Journalism, the BBC, and advertising

November 12th, 2007 | by Andrew Ó Baoill |

The ‘he said/she said’ model of journalism is frequently problematic, reducing complex issues to two ‘sides’ and often unduly elevating a marginal or rogue opinion to parity with broad informed consensus. Sometimes, however, it can be rather helpful, and I think that this example from the BBC shows that in action. Here the model is used to systematically list the ‘sceptic’ views regarding climate change, and then debunk them one by one.

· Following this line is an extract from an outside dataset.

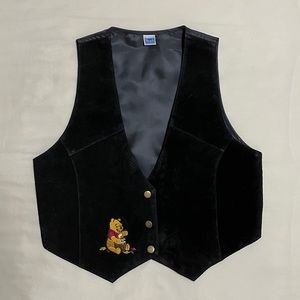 Winnie the Pooh Black Suede Vest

On the topic of the BBC, it’s interesting to see that they have added advertisements to their website when viewed from outside the United Kingdom. Funding is always a complicated issue, and this move has been the subject of much debate, though advertising has seemed inevitable for some time, with ‘consultations’ mainly aimed at gauging reader resistance to the move. The rationale given is that the license fee only covers services to users within the United Kingdom, and with ever stricter EU regulation of this area, some other revenue source was needed for the service to overseas audiences. An explanatory note on the BBC site notes that “the inclusion of advertising on the website when viewed from outside the UK will create revenues which can be used to develop better content and services for both UK and international users.” Just how the cost allocation and revenue allocation will work is unclear, but I’m guessing that international internet connectivity would be one of major costs that would be initially met from advertising revenues. The issue of subsidising general services (such as programme production) from this revenue stream is somewhat problematic – advertising has a habit of colonising that with which it comes in contact.

In terms of alternatives that might have been considered, I would note that the world service is traditionally funded directly by the British government, but that is also a problematic solution, as the rationale for that is that the world service is part of the government’s propaganda activities (politely termed public diplomacy).